In [1]:
using LinearAlgebra, NBInclude, IterativeSolvers, BlockArrays

In [2]:
@nbinclude("helper_functions.ipynb")

## Vanilla MatrixIRLS for matrix completion (PCA)

_**Note:** Vanilla = The weighted least squares step is calculated directly._

### Sources
 - Preprint paper by Christian Kümmerle & Claudio Verdun: https://arxiv.org/pdf/0912.3599.pdf
 - GitHub repo of the preprint paper: https://github.com/ckuemmerle/MatrixIRLS

### Algorithm
 - **Input:** Sampling operator $\Phi$, observations $\mathbf{y} \in \mathbb{C}^m$, rank estimate $\tilde{r}$, iteration number $N$.
 - Initialize $k=0, \epsilon_0 = \infty, W^{(0)} = Id.$
 - **for $k=1$ to $N$ do**
    1. **Solve weighted least squares:** Use a *conjugate gradient method* to solve $$\mathbf{X}^{(k)} = argmin \langle \mathbf{X}, W^{(k-1)}(\mathbf{X}) \rangle \text{ subject to } \Phi(\mathbf{X}) = \mathbf{y}.$$
    2. **Update smoothing:** Compute $\tilde{r}+1$-th singular value of $\mathbf{X}^{(k)}$ to update $$\epsilon_k = min\left(\epsilon_{k-1}, \sigma_{\tilde{r}+1}(\mathbf{X}^{(k)})\right).$$
    3. **Update weight operator:** For $r_k := \left\vert\{i \in [d] : \sigma_i(\mathbf{X}^{(k)}) > \epsilon_k\}\right\vert$, compute the first $r_k$ singular values $\sigma_i^{(k)} := \sigma_i^{(k)}(\mathbf{X}^{(k)})$ and matrices $\mathbf{U}^{(k)} \in \mathbb{R}^{d_1 \times r_k}$ and $\mathbf{V}^{(k)} \in \mathbb{R}^{d_2 \times r_k}$ with leading $r_k$ left/right singular vectors of $\mathbf{X}^{(k)}$ to update $W^{(k)}$: $$W^{(k)}(\mathbf{Z}) = \mathbf{U}^{(k)} \left[ \mathbf{H}_k \circ (\mathbf{U}^{(k)*} \mathbf{Z} \mathbf{V}^{(k)})\right]\mathbf{V}^{(k)*},$$ where $\circ$ denotes the entrywise product of two matrices, and $\mathbf{H}_k \in \mathbb{R}^{d_1 \times d_2}$ matrix defined as $$(\mathbf{H}_k)_{ij} := \left(\max(\sigma_i^{(k)}, \epsilon^{(k)}\max(\sigma_j^{(k)}, \epsilon^{(k)}\right)^{-1} : \forall i \in [d_1] \text{ and } \forall j \in [d_2].$$
 - **end**
 - **Output**: $\mathbf{X}^{(k)}$

### Transformation of operator W

Get matrix $\mathbf{\tilde{W}} \in \mathbb{C}^{d_1 d_2 \times d_1 d_2}$ such that $\left[\mathbf{W}^{(k)}(\mathbf{Z})\right]_{vec} = \mathbf{\tilde{W}}^{(k)} \mathbf{Z}_{vec}$, where $(\cdot)_{vec}$ is the vectorization operator.
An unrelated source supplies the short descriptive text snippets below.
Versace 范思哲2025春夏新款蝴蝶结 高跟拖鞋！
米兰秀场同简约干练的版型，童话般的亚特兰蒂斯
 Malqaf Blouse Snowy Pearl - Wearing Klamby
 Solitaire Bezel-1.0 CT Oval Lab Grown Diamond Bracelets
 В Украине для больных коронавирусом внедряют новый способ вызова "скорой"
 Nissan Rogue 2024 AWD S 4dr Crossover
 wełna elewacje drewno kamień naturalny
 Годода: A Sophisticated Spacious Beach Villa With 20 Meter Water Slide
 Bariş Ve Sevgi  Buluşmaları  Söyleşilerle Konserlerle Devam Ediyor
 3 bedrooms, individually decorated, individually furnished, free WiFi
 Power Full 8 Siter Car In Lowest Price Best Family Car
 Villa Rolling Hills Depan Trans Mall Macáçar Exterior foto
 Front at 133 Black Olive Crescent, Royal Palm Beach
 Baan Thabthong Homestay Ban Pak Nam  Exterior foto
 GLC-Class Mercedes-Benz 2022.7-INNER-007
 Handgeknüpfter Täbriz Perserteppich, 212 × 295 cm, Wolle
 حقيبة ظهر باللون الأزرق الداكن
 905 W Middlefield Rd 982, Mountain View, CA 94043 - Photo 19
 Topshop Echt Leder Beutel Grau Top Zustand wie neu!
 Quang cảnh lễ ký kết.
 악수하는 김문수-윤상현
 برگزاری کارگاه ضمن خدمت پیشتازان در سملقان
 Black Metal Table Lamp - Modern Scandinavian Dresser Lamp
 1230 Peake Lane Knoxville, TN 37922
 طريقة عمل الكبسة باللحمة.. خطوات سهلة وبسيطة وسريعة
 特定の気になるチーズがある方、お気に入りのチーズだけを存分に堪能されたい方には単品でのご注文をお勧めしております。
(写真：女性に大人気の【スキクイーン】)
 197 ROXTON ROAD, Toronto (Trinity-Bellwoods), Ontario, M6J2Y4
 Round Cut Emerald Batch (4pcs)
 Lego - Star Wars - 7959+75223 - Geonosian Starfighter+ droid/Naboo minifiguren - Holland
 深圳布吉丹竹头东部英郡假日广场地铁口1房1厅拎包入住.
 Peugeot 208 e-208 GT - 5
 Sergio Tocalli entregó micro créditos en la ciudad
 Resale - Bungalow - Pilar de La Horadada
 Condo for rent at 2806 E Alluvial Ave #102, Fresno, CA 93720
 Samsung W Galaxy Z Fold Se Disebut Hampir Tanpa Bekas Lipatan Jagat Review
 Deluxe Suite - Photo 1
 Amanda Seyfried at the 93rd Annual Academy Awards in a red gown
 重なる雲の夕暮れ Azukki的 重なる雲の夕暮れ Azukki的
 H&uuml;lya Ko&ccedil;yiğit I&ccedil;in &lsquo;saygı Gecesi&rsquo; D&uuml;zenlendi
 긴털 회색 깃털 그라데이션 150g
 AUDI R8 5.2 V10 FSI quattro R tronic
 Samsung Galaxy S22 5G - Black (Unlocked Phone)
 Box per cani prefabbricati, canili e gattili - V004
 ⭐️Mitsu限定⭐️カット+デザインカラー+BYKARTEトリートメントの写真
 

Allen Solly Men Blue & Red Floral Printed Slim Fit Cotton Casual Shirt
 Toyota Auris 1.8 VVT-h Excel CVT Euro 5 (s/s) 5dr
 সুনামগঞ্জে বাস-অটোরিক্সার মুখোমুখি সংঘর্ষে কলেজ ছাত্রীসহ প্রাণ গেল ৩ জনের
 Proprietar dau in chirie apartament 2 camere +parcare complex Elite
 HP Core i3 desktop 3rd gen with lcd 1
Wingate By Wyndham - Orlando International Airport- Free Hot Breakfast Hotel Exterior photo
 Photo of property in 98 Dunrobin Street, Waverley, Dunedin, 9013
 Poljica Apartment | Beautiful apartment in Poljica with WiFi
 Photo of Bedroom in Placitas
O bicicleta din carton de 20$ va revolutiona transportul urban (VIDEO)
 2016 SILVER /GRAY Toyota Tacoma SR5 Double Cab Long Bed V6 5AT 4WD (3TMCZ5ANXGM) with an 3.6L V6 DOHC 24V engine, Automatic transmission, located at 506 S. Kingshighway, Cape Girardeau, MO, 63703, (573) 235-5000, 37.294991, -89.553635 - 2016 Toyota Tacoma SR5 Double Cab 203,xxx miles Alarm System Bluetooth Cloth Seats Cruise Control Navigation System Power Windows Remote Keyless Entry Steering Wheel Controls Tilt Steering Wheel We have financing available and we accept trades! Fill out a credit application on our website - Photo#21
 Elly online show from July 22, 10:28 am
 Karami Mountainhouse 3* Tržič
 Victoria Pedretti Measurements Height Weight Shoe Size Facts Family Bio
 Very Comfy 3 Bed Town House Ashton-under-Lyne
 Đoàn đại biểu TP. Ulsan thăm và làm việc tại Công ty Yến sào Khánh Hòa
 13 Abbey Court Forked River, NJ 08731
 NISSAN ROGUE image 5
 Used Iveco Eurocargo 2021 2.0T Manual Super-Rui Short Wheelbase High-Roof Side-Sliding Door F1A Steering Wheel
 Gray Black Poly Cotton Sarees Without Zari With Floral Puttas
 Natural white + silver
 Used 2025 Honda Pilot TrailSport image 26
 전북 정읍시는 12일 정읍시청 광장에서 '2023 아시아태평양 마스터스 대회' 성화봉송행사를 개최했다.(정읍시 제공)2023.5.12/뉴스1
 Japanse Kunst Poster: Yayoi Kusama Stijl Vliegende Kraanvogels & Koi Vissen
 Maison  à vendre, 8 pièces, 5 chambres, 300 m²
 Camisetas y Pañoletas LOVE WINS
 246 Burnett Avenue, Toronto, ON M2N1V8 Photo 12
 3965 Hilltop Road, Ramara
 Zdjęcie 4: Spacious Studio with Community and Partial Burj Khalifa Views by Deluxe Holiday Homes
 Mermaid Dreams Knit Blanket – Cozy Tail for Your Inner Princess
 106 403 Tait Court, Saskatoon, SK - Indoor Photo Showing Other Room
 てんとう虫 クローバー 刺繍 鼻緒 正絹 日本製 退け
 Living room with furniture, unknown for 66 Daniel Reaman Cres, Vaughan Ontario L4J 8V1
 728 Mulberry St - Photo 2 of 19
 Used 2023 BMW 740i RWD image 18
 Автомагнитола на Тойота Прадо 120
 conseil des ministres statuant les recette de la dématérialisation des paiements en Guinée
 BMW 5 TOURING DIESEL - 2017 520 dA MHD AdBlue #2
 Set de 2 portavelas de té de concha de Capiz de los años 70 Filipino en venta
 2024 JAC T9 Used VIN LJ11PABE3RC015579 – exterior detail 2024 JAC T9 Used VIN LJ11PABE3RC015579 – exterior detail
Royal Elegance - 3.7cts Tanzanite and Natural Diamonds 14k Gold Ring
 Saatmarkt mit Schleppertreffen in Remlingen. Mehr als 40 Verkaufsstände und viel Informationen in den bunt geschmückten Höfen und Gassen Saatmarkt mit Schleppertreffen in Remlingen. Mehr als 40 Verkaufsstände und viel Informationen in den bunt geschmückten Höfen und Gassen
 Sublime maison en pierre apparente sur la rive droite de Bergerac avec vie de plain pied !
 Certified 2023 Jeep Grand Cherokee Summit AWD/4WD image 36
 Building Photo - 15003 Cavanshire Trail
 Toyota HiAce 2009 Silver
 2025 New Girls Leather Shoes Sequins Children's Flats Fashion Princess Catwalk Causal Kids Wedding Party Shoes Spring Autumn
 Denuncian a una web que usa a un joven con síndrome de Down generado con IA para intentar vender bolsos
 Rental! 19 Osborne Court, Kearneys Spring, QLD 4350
To do so, we need the "vec-trick": $$(\mathbf{AXB})_{vec} = (\mathbf{B}^T \otimes \mathbf{A}) \cdot (\mathbf{X})_{vec}$$

Applying it to our problem:
$$
\begin{align}
    \left[\mathbf{W}^{(k)}(\mathbf{Z})\right]_{vec} &= \left[\mathbf{U}^{(k)} \left[ \mathbf{H}_k \circ (\mathbf{U}^{(k)*} \mathbf{Z} \mathbf{V}^{(k)})\right]\mathbf{V}^{(k)*}\right]_{vec} \\
    &= (\mathbf{\bar{V}}^{(k)} \otimes \mathbf{U}^{(k)}) \left[ \mathbf{H}_k \circ (\mathbf{U}^{(k)*} \mathbf{Z} \mathbf{V}^{(k)})\right]_{vec} \\
    &= (\mathbf{\bar{V}}^{(k)} \otimes \mathbf{U}^{(k)}) diag\left((\mathbf{H}_k)_{vec}\right) (\mathbf{U}^{(k)*} \mathbf{Z} \mathbf{V}^{(k)})_{vec} \\
    &= (\mathbf{\bar{V}}^{(k)} \otimes \mathbf{U}^{(k)}) diag\left((\mathbf{H}_k)_{vec}\right) (\mathbf{V}^{(k)T} \otimes \mathbf{U}^{(k)*}) \mathbf{Z}_{vec} \\
    \mathbf{\tilde{W}} &= (\mathbf{\bar{V}}^{(k)} \otimes \mathbf{U}^{(k)}) diag\left((\mathbf{H}_k)_{vec}\right) (\mathbf{V}^{(k)T} \otimes \mathbf{U}^{(k)*})
\end{align}
$$

_**Notation:** $\otimes$ denotes Kronecker product, $diag$ operator creates a diagonal matrix form a vector, $(\mathbf{X})_{vec}$ is the vectorization operator formed by stacking the columns of $\mathbf{X}$ into a single column vector formed by stacking the columns of $\mathbf{X}$ into a single column vector, and $\mathbf{\bar{V}}$ is the conjugate of matrix $\mathbf{V}$._

### Solution for weighted least squares

Source of description below: [Linearly Constrained Least Squares (LLS)](https://lls.readthedocs.io/en/latest/math.html)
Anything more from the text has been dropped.